In regards to applying for Indonesian citizenship, both UU 62/1958 and UU 12/2006 ask the foreign applicant to live in Indonesia 5 years continuously or 10 years not continually, which I believe is a long time. So how about foreign partners from mixed marriages? Considering Indonesia respects the paternal side of the blood line, must a foreign man that married an Indonesian woman live in Indonesia for 5 years or 10 years? Rest assured, the answer is No.  Law No. 6/2011 re. Immigration states that your Indonesian wife or husband can sponsor you to live in Indonesia by applying for ITAS for 2 years which can then be extended. If you have been married for 2 years or more or if you have been living in Indonesia for at least 3 years, you can then apply for ITAP which is valid for 5 years and can be extended for an unidentified time. More good news is, Law 6/2011 also states that the foreign spouse that holds ITAS or ITAP sponsored by their Indonesian spa use is allowed to work in Indonesia. However, I would be very careful with that clause, as Indonesia is well known to be extremely strict about foreigners wanting to work there. If you are a ITAS or ITAP holder sponsored by your Indonesian spouse and you intend to work in Indonesia, I would personally be seeking consultation with the Department of Manpower and Immigration.

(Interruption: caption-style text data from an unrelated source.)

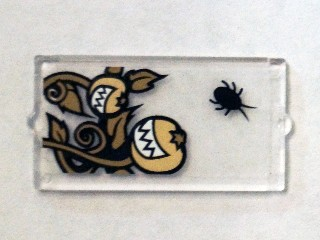 60602pb07 - Glass for Window 1 x 2 x 3 with Black Insect and Smiling Pumpkins Pattern (Sticker) - Set 75904
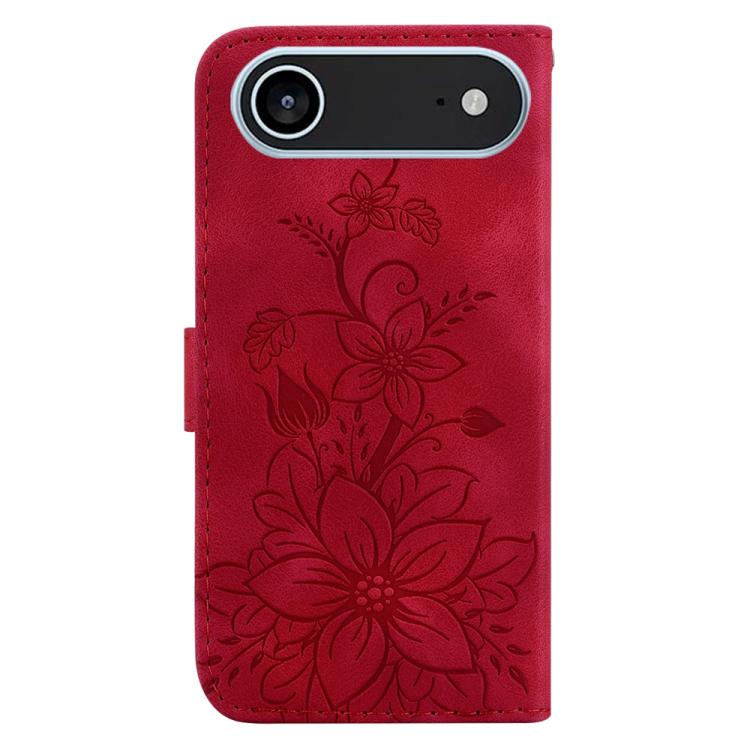 For iPhone Air Lily Embossed Leather Phone Case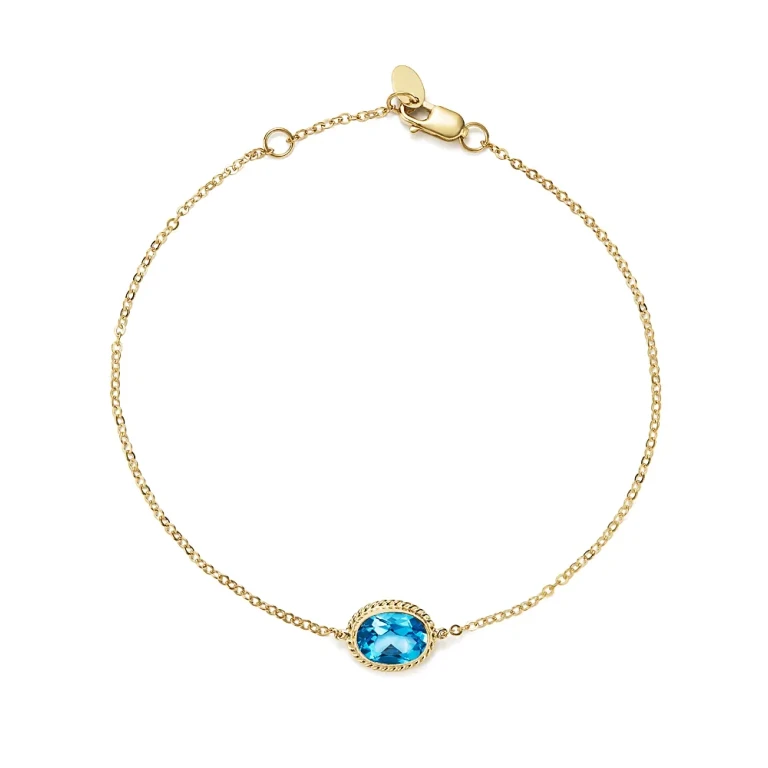 Blue Topaz Oval Bracelet in 14K Yellow Gold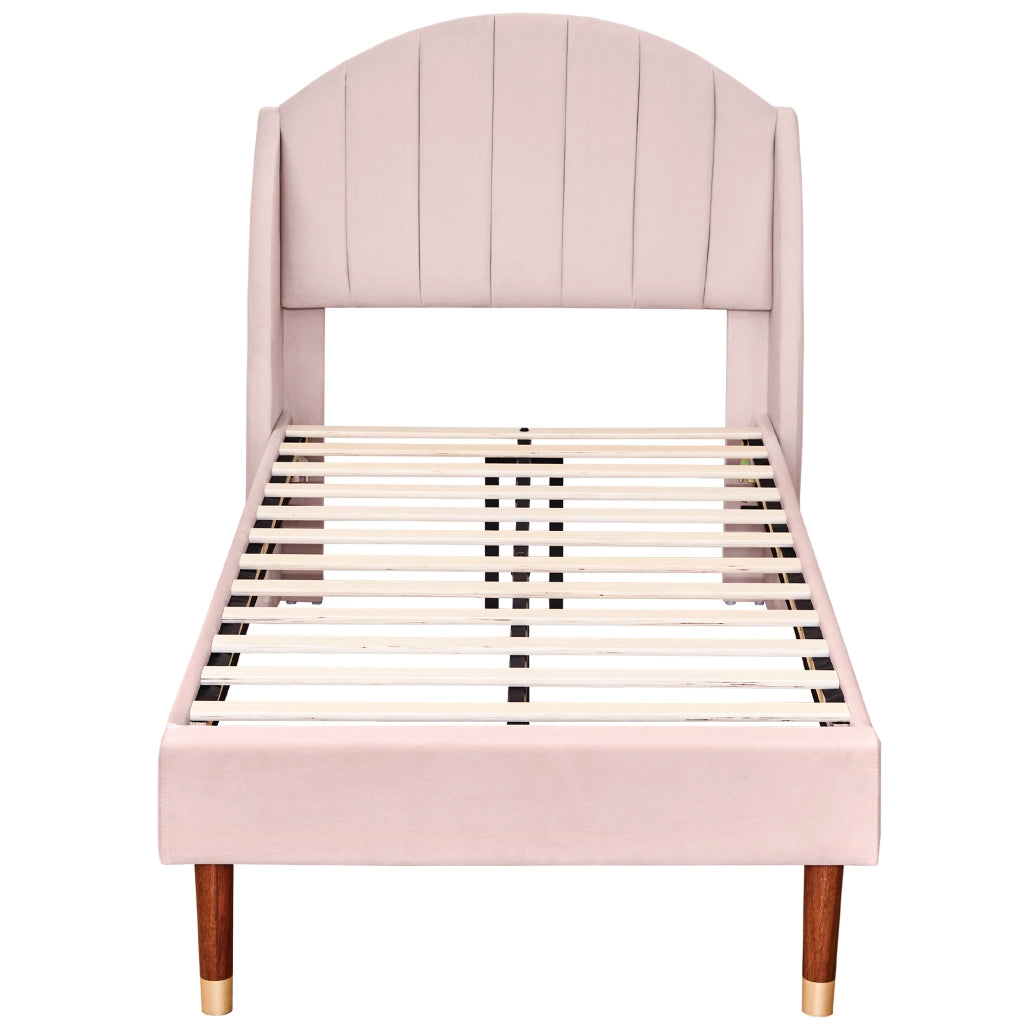 Letto imbottito 90x200 cm in velluto rosa con rete a doghe e testiera, struttura stabile, montaggio semplice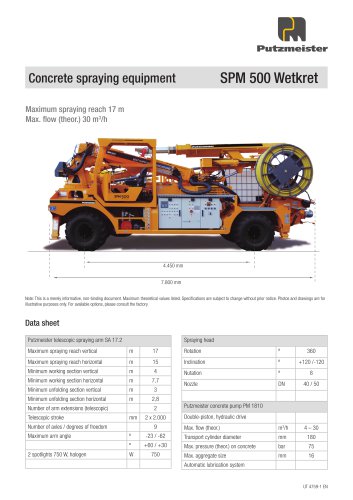 Concrete spraying equipment SPM 500 Wetkret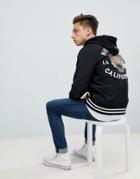 Hollister Hooded Varsity Bomber Jacket Contrast Sleeves And Back Logo In Black - Black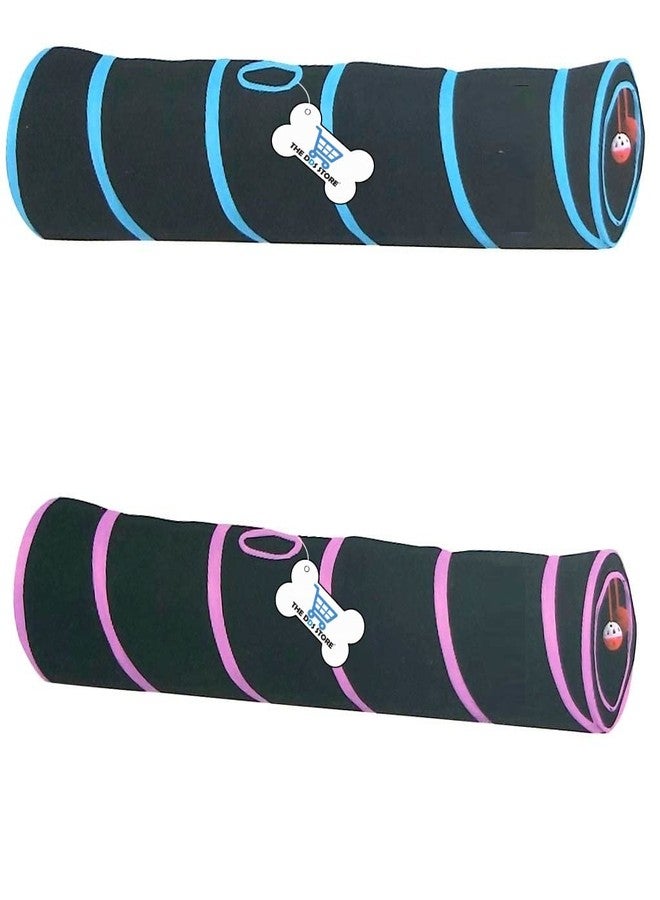 THE DDS STORE 2 Way Cat Tunnel, Collapsible Pet Toy Tunnel Ball Cat, Puppy, Kitty, Kitten, Rabbit- 1 Piece (Color May Vary) - Image 2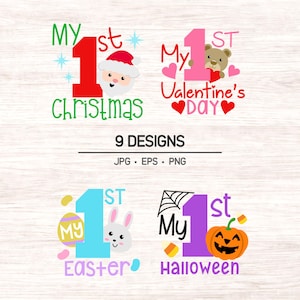My 1st Holidays, baby first seasonal digital art, instant download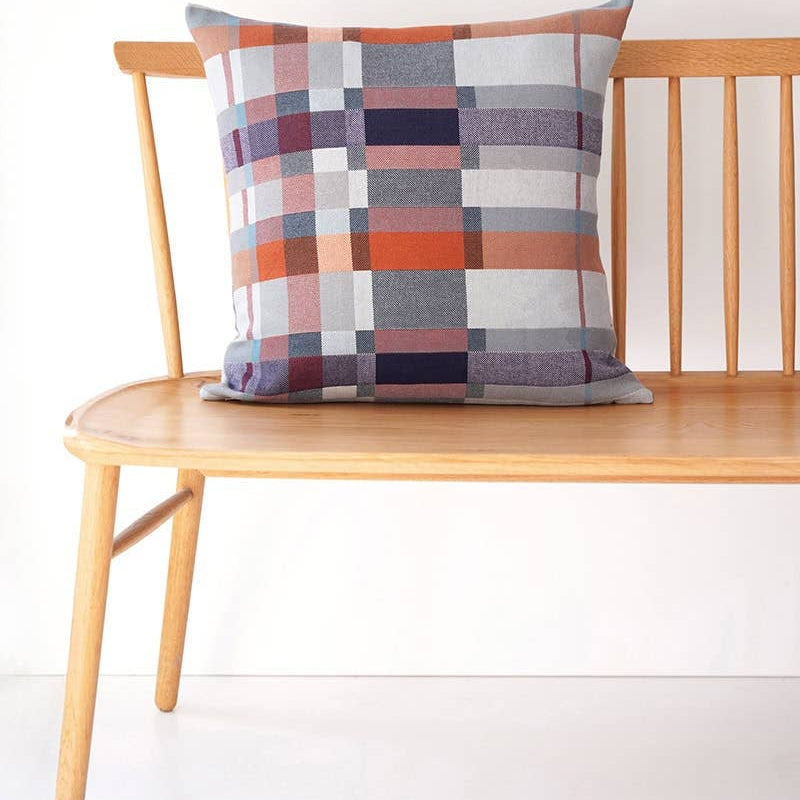 Mungo Double Cloth Cushion in Camdeboo, a grey, orange and navy grid weave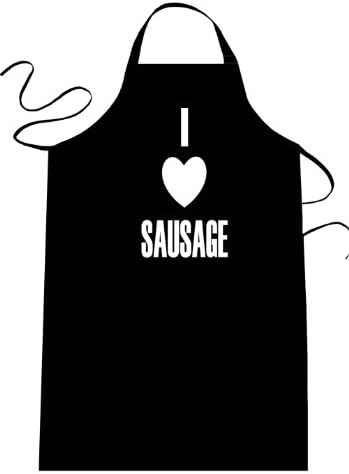 I LOVE SAUSAGE- Funny Apron; Long Length 30" x Full Width 28" Kitchen Aprons for Men, Women, & Teens (Unisex) One Size Fits Most; Cotton Polyester Blend with Adjustable Neck; Great gift idea.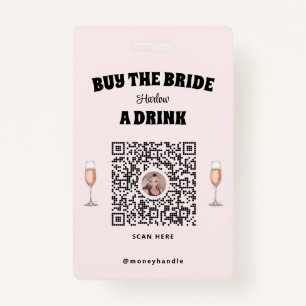 Bachelorette kauft die Braut ein Getränk QR-Code Ausweis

As you can see Indonesia has come a long way to support foreigners wanting to live in Indonesia, either temporary as an expatriate worker or to support their business/investment in Indonesia or permanently due to a family or marriage relationship. Government Regulation No 31/2013 regarding the stipulation of UU 6/2011 regarding Immigration Law states that a Visitor Visa now also allows you to conduct a short business trip or activities such as attending business meetings, attending conferences or training or conducting feasibility studies for your future investment in Indonesia, or even for prospective foreign workers conducting a field test before commencing their contract work. This Visitor Visa can be the Visitor Visa on Arrival (30 days and can be extended for another 30 days) or a Short Visit Visa (30 days non extendable) or Multiple Visit Visa (valid for a year non extendable and cannot be more than 60 days). This is a milestone from what a visitor visa was intended to be used for previously: strictly no business could be conducted.  

Last but not least on 24th June 2015, in the Business Indonesia newspaper front page, President Joko Widodo blesses Foreign Ownership on Property in Indonesia. The regulation is still under revision in the House of Representatives but is expected to be legalised by next year. Rumours suggest that Foreigners will be able to own property in Indonesia. The title might still be called Right of Use (Hak Pakai, or now they called it Hak Guna Pakai) but instead will have 25 years of rights. Under this new draft, this Right of Use can be for an unidentified time (seumur hidup) and can be inherited. However, rumour also suggests that the government will set a minimum price of Rp. 5 billion on the property. Still, there is another door opened.

Well I must say that I am very proud of Indonesia for coming a long way and its willingness to change to open more doors to foreign investment.